Die Bestimmung ist als Ausnahmevorschrift eng auszulegen (u. a. EuGH, Urteil vom 14.07.2022 - C-128/20, juris Rn. 50; Urteil vom 01.08.2025 - C-666/23, juris Rn. 73, jew. m.w.N.). Die genannten Voraussetzungen sind kumulativ (vgl. EuGH, Urteil vom 14.07.2022 - C-128/20, juris Rn. 61).
Eine Abschalteinrichtung ist danach gem. Art. 5 Abs. 2 Satz 2 lit. a) der Verordnung (EG) Nr. 715/2007 zulässig, wenn sie es ermöglicht, den Motor vor plötzlichen und außergewöhnlichen Schäden zu schützen (EuGH, Urteil vom 17.12.2020 - C-693/18, NJW 2021, 1216, Rn. 108 f.; OLG Karlsruhe, Urteil vom 12.11.2025 - 6 U 35/22, juris Rn. 113 m.w.N.).
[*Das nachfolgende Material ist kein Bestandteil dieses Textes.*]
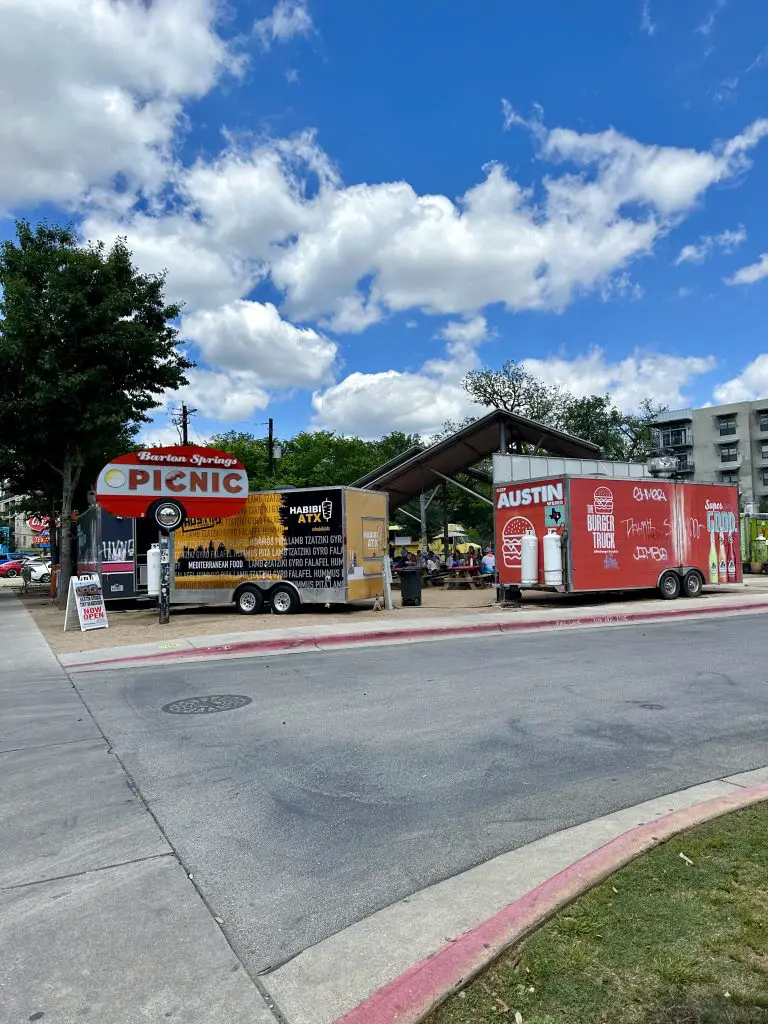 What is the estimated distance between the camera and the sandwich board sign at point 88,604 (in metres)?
15.9

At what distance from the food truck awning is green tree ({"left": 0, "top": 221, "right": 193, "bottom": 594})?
30.3ft

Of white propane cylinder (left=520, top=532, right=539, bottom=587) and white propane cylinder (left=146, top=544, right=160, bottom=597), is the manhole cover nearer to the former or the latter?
white propane cylinder (left=146, top=544, right=160, bottom=597)

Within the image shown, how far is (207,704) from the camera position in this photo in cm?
820

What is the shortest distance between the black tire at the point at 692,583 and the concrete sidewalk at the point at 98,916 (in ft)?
57.5

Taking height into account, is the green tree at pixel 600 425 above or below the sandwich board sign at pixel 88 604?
above

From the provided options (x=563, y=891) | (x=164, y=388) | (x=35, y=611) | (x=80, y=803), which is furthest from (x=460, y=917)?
(x=164, y=388)

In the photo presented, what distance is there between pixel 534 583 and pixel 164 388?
15888 mm

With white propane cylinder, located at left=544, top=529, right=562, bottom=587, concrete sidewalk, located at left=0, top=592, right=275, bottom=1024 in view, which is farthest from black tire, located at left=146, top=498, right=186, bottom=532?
concrete sidewalk, located at left=0, top=592, right=275, bottom=1024

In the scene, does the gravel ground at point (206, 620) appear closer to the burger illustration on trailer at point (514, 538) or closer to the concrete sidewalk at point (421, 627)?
the concrete sidewalk at point (421, 627)

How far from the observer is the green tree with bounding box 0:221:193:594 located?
2330 cm

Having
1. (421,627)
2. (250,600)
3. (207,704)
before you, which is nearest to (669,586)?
(421,627)

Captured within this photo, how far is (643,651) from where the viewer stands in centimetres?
1120

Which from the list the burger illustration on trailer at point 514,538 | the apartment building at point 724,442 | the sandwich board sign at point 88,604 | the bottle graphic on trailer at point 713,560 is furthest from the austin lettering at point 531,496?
the apartment building at point 724,442

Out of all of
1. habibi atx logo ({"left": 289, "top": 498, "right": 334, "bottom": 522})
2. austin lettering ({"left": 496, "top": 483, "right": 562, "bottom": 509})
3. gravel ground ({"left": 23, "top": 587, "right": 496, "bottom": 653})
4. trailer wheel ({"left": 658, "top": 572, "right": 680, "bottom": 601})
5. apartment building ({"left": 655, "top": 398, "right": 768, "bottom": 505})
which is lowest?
gravel ground ({"left": 23, "top": 587, "right": 496, "bottom": 653}) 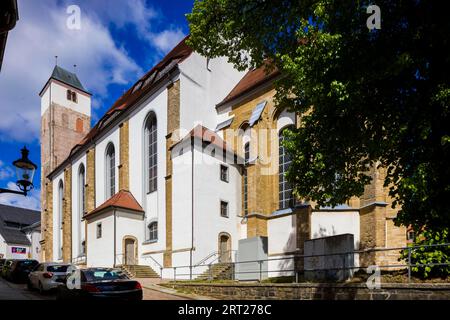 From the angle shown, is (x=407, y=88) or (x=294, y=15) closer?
(x=407, y=88)

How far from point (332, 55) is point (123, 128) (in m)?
22.3

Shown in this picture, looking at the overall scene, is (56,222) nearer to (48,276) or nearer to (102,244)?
(102,244)

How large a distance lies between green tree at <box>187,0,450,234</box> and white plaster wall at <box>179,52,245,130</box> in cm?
1424

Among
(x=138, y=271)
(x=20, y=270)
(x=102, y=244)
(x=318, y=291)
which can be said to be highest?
(x=318, y=291)

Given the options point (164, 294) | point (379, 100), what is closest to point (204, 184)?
point (164, 294)

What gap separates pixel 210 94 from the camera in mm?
27438

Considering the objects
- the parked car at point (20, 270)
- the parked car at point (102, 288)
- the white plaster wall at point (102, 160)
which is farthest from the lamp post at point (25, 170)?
the white plaster wall at point (102, 160)

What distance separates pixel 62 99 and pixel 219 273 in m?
35.1

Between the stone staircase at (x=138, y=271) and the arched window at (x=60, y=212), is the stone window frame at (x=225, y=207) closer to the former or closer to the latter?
the stone staircase at (x=138, y=271)

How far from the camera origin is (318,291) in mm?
11031

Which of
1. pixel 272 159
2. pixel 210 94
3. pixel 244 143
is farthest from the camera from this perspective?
pixel 210 94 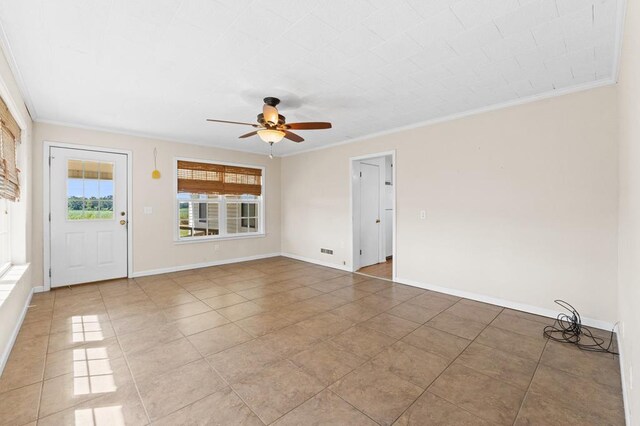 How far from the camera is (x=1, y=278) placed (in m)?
2.86

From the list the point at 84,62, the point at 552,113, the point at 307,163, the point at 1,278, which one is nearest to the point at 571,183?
the point at 552,113

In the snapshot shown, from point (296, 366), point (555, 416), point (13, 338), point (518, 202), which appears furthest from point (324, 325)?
point (13, 338)

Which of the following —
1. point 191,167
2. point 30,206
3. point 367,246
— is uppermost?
point 191,167

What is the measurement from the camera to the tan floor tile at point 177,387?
1812 mm

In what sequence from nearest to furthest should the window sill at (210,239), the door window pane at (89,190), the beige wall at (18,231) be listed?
the beige wall at (18,231) < the door window pane at (89,190) < the window sill at (210,239)

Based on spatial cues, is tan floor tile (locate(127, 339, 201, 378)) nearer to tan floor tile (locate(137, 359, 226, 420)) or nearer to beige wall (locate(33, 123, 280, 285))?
tan floor tile (locate(137, 359, 226, 420))

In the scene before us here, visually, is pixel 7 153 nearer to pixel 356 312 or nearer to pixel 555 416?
pixel 356 312

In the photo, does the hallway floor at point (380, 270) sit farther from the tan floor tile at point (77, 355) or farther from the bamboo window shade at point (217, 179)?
the tan floor tile at point (77, 355)

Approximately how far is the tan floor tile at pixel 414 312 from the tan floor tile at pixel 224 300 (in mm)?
1959

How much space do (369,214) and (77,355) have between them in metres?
4.72

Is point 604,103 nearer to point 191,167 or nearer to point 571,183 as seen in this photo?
point 571,183

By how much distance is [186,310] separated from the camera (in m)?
3.43

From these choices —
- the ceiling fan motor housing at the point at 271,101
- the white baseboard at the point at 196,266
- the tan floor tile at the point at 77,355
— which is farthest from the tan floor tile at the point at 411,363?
the white baseboard at the point at 196,266

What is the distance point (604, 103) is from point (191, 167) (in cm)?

Zu ihrer Rechtfertigung genügt es nicht, wenn die Einrichtung dazu beiträgt, den Verschleiß oder die Verschmutzung des Motors zu verhindern, die im Prinzip vorhersehbar und der normalen Funktionsweise des Fahrzeugs inhärent und somit weder „Beschädigung“ noch „Unfall“ im Sinn der genannten Bestimmung sind (vgl. bspw. EuGH, Urteil vom 17.12.2020 - C-693/18, NJW 2021, 1216, Rn. 110, 113, 115; Urteil vom 14.07.2022 - C-128/20, juris Rn. 53 ff.). Nur unmittelbare Beschädigungsrisiken, die zu einer konkreten Gefahr während des Betriebs des Fahrzeugs führen, sind geeignet, die Nutzung einer Abschalteinrichtung zu rechtfertigen (EuGH, Urteil vom 17.12.2020 - C-693/18, NJW 2021, 1216, Rn. 113 f.; Urteil vom 14.07.2022 - C-128/20, juris Rn. 56, 70).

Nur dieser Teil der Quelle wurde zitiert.